Taking away the pressure. In academic institutions, we are under pressure to learn. Curricula are designed, timelines are established for “covering” curricula, tests and assignments are scheduled. In learning circles, this pressure is taken away. Participation is voluntary. Participants are valued for what they contribute, but not required to contribute. There is nothing that must be learned. We found that the accepting, exploratory nature of learning in learning circles is central to their success as inclusive learning environments.

Exploring. Exploratory learning does more than taking away pressure. It creates opportunities. With no curriculum to follow, no predetermined outcomes, learning circles are free to follow where discussion leads them. In the Multicultural Women’s Group, discussion about preparing food for the meetings has led to discussion about cultural diversity and building trust and acceptance in multicultural communities. In the Family History Group, discussing family history has led to discussion about cultural reclamation in Indigenous communities.

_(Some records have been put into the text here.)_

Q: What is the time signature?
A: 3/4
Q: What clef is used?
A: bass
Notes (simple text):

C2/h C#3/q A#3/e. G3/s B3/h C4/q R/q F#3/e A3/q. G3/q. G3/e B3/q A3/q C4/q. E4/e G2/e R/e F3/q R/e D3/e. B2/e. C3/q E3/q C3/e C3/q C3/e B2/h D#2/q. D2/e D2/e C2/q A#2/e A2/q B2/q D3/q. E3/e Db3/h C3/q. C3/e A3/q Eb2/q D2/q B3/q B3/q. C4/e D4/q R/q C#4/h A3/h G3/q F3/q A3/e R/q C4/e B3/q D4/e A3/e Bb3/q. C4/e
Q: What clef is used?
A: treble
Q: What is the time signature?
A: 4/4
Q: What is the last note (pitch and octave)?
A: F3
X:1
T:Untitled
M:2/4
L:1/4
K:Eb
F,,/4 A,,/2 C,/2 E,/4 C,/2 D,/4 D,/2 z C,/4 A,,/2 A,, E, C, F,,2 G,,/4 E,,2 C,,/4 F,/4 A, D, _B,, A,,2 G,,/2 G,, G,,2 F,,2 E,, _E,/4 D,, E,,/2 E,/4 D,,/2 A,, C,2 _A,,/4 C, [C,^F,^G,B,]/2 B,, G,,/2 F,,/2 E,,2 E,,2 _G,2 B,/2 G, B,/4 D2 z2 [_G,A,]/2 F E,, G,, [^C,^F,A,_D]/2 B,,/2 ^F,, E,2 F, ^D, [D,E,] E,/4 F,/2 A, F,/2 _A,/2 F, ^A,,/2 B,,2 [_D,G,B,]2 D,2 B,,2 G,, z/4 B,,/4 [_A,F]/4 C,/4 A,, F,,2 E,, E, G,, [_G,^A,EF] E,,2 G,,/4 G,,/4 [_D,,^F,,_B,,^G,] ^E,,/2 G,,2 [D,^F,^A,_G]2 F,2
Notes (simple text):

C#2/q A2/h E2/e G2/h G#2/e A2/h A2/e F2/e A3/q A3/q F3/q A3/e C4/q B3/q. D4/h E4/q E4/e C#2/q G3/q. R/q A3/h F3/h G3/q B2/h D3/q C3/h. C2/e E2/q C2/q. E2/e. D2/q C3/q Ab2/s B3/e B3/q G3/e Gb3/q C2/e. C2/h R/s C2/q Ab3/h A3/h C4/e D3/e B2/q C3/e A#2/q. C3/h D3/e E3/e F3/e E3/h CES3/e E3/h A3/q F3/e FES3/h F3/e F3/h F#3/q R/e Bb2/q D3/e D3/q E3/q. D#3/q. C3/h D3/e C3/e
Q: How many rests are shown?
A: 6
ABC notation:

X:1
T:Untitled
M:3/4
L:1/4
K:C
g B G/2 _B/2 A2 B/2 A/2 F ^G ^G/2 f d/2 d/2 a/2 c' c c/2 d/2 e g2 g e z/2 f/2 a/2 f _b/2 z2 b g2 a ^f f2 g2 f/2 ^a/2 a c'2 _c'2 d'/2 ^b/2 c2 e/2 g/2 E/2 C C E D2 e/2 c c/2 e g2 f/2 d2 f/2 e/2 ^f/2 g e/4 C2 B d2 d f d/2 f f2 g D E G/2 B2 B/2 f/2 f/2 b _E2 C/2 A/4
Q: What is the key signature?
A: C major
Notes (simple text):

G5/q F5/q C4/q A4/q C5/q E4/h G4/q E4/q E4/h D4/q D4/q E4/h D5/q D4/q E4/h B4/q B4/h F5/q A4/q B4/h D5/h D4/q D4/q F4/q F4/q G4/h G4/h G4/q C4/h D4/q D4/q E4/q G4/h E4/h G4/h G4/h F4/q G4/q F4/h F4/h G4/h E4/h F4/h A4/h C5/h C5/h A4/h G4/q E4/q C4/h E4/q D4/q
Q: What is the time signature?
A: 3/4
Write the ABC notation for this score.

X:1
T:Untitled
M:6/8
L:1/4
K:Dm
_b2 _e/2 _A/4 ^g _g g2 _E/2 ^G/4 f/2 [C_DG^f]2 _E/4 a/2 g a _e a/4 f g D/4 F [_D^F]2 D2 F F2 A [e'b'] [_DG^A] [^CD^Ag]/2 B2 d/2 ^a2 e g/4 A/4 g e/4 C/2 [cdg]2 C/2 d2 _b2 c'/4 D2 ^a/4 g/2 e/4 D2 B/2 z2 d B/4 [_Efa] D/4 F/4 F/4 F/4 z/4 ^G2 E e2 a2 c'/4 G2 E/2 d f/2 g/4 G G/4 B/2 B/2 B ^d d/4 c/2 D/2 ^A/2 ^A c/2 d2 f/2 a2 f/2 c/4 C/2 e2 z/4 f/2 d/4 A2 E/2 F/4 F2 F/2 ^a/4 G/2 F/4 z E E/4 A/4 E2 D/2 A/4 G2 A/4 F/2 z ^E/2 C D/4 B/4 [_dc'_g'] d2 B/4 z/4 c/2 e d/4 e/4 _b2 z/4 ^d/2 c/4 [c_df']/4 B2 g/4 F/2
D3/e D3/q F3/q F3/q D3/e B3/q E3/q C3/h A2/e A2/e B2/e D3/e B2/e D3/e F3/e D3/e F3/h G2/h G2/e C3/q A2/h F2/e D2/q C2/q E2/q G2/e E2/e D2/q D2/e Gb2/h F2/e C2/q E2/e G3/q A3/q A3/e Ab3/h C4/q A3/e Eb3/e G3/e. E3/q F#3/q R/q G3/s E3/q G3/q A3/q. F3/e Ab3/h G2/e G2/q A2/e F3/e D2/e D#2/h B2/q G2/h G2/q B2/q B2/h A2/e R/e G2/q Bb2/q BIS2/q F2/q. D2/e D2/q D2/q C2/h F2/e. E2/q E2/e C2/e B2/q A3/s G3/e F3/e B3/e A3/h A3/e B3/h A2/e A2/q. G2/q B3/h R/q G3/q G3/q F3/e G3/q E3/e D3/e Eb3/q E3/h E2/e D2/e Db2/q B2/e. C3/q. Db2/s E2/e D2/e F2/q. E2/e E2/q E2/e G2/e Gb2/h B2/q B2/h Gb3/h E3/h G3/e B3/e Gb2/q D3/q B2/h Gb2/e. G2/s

Exploratory learning is more than learning without  institutional demands, it is a way of opening up to our potential for learning together. It is inclusive in this positive sense, in what it does as well as in what it does not do.

Outcomes. It follows from all of the above that it is neither possible nor desirable to predetermine outcomes for learning circles. If a learning circle is inclusive, important learning will take place. The learning circles we studied focused on being inclusive in the ways described in this section. They were:

  • welcoming
  • supportive
  • flexible
  • non-hierarchical
  • self-managed
  • exploratory

By focusing on process, they became inclusive learning environments, and because they were inclusive learning environments, their successes exceeded any outcomes that could have been prescribed in advance.